(Image-text web data)
__________________________________________________
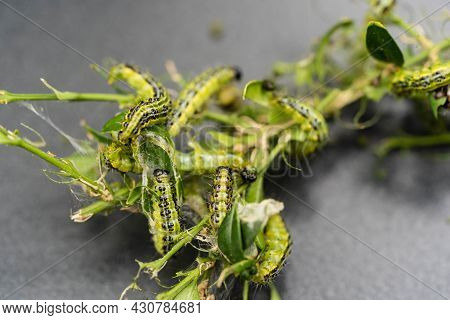 The Green Boxwood Moth Caterpillar Cydalima Perspectalis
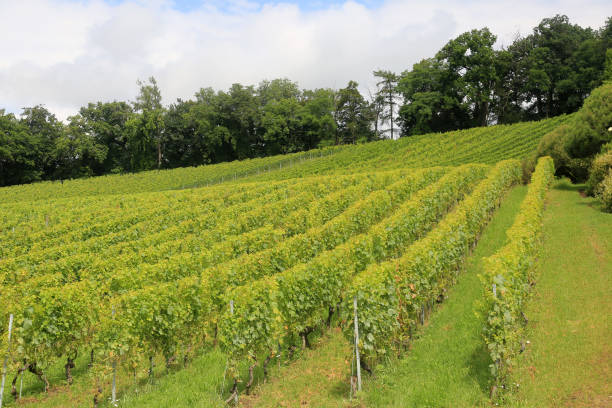istock grapes field in Lac Leman wineyard 1334491556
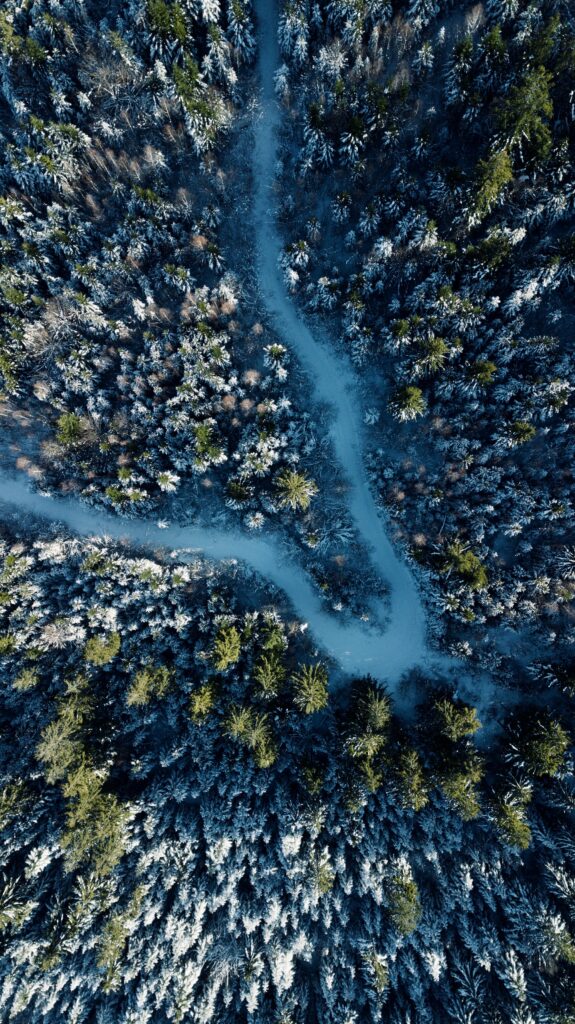 Aerial view of snow-covered forest with winding road through green pine trees winter landscape wallpaper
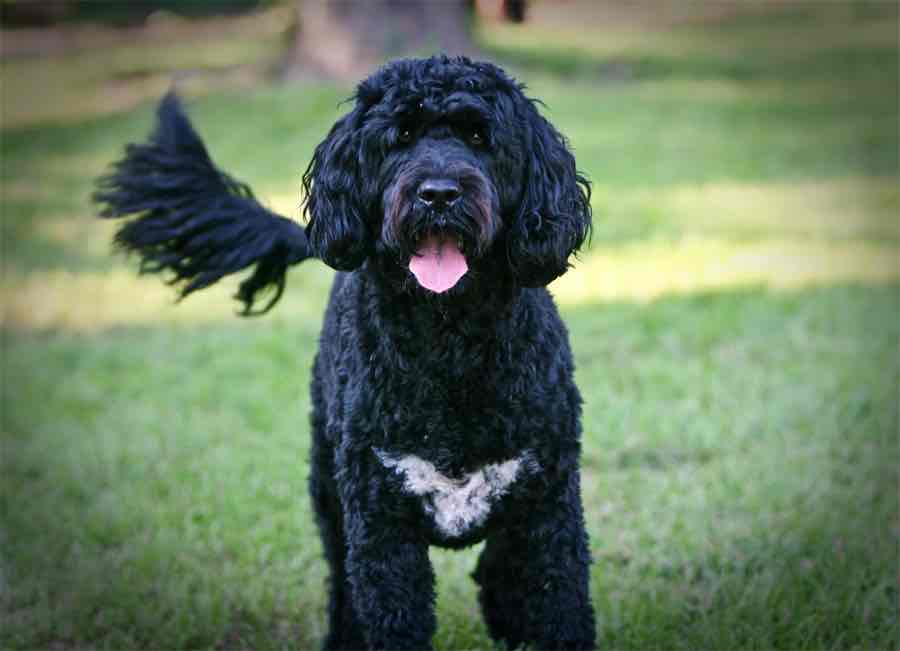 Visiting Portugal - Portuguese Water Dog
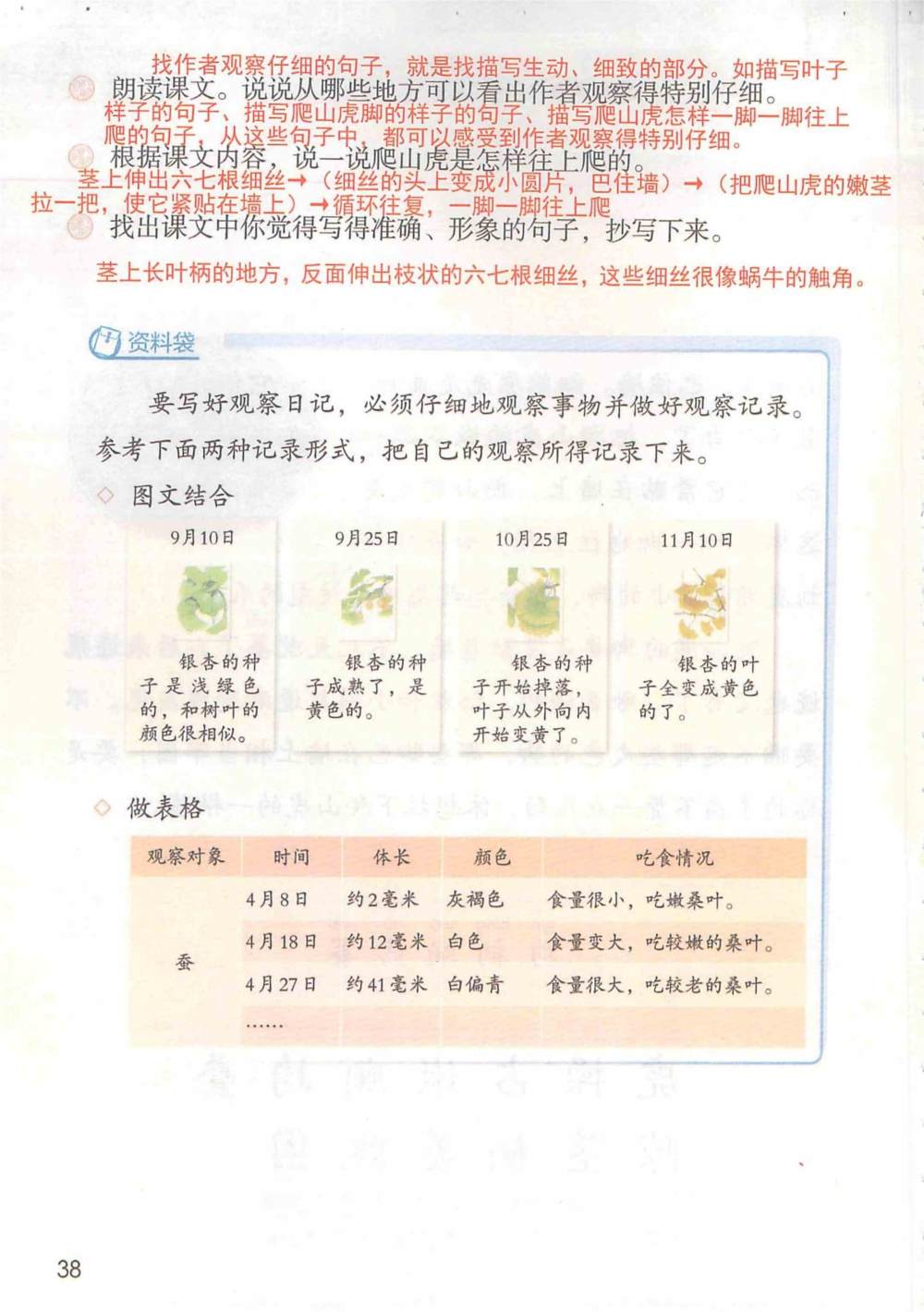 《爬山虎的脚》课堂笔记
__________________________________________________
PROBLEM TO SOLVE:
Verbatim copy with pictures excluded: write out the records above in full.

EXPECTED OUTPUT:
 The Green Boxwood Moth Caterpillar Cydalima Perspectalis
istock grapes field in Lac Leman wineyard 1334491556
 Aerial view of snow-covered forest with winding road through green pine trees winter landscape wallpaper
 Visiting Portugal - Portuguese Water Dog
 《爬山虎的脚》课堂笔记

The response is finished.